Imagining and Experiencing the Great Pox in Renaissance Florence

The War of Torments

Imagining and Experiencing the Great Pox in Renaissance Florence

John Henderson

11 November 2022 – 5 PM (CET)

The epidemic of the Great Pox had a profound impact on many aspects of early modern European society. In contrast to plague, which led to rapid rises in mortality, this new chronic disease led to long-drawn-out suffering, poverty, destitution and death, infecting all levels of society, from popes and cardinals to princes, courtesans and the poor.

This lecture is part of an ongoing project on how the Great Pox was imagined, received and experienced in Renaissance Italy.

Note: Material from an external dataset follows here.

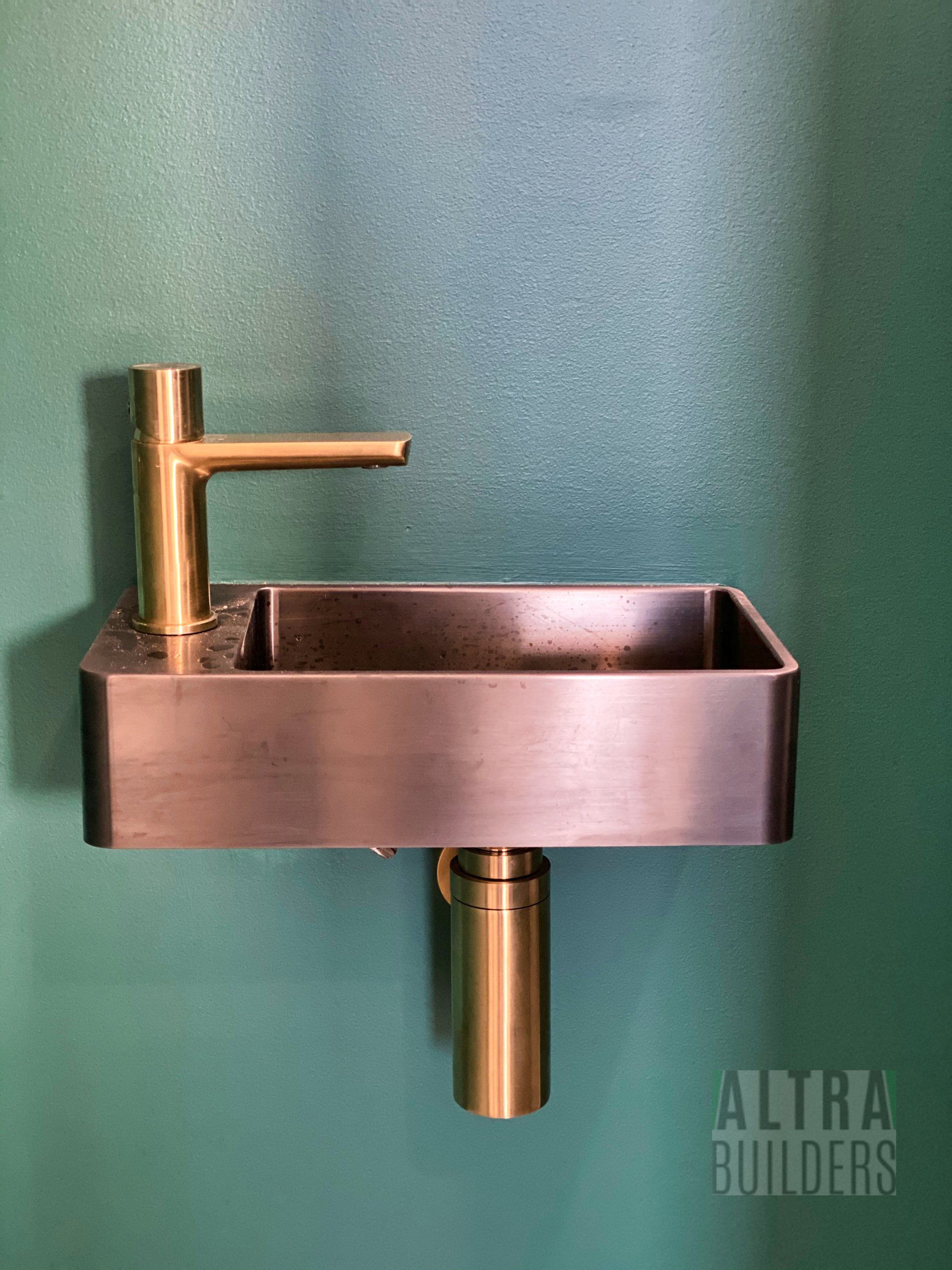 A small copper sink with a faucet on a green wall.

Building on the approaches and findings of recent studies of early modern England, Germany and Spain, this lecture will compare the experience and representation of female and male Pox patients through the examination of both written and visual evidence.

These will include contemporary written accounts, such as satirical and moralistic poems and plays, and visual evidence, ranging from broadsheets to medical illustrations.

 

It will be argued, that only by analysing these sources through the prism of contemporary medical understanding of the nature of the Pox and its symptoms can we begin to understand more clearly how this disease was perceived and represented in text and image in renaissance Italy.

About the Speaker ...

John Henderson is Professor of Italian Renaissance History at Birkbeck, University of London, and has written extensively on the social and religious history of medieval and early modern Tuscany, with a specialism in history of medicine and epidemic disease.

He moved to Birkbeck in 2003, as Wellcome Trust Reader in Renaissance History, subsequently being appointed in 2007 as Professor of Italian renaissance History, a post he holds to this day. John has held a series of international Fellowships and Visiting Professorships, including at Villa I Tatti, Harvard University’s Center for Renaissance Studies in Florence, the Ecole des Hautes Etudes et Sciences Sociales in Paris, and the European University Institute in Florence. Most recently, between 2016-2019, he spent the autumn term as as Research Professor in the Centre for Medieval and Renaissance Studies at Monash University, Melbourne.